Section 47: Projects — Overview
Purpose and Scope
This section catalogs substantive project-based learning exercises that take systems understanding to depth that labs and reading cannot reach alone. Where labs are focused exercises measured in hours, projects are sustained efforts measured in weeks or months, producing artifacts that demonstrate comprehensive understanding of a system domain. The project catalog spans six complexity tiers and twelve domains: toy kernels, toy filesystems, toy schedulers, toy hypervisors, toy distributed systems, eBPF tool collections, performance engineering, security research, networking, database storage, compiler backends, and cloud infrastructure.
The project philosophy is that building a toy version of a production system is the most efficient path to understanding that production system. A developer who has written a 2,000-line toy kernel understands interrupt handling, context switching, and virtual memory in a way that no amount of reading can replicate. The toy is not the goal; the mental model the toy builds is.
Prerequisites
- Completion of the relevant lab series from Section 46
- Programming proficiency in C, Rust, or Go (depending on project track)
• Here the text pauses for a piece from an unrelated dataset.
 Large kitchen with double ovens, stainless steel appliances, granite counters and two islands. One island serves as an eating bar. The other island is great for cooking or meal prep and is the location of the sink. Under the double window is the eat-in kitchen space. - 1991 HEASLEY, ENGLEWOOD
- Section-specific prerequisites noted per project
Learning Objectives
Upon completing this section, the reader will be able to:
- Select an appropriate project for their current skill level and learning objectives
- Scope a project to a size that is completable in their available time while remaining educationally valuable
- Apply the toy-first methodology: build the simplest correct version first, then extend
- Recognize which production code corresponds to each component they built in their toy
- Use their toy project as a platform for further experimentation and research
Architecture Overview
PROJECT COMPLEXITY TIERS
===========================
TIER 1 (1-2 weeks) TIER 2 (2-4 weeks)
───────────────── ──────────────────
Hello-world kernel Toy scheduler (CFS-like)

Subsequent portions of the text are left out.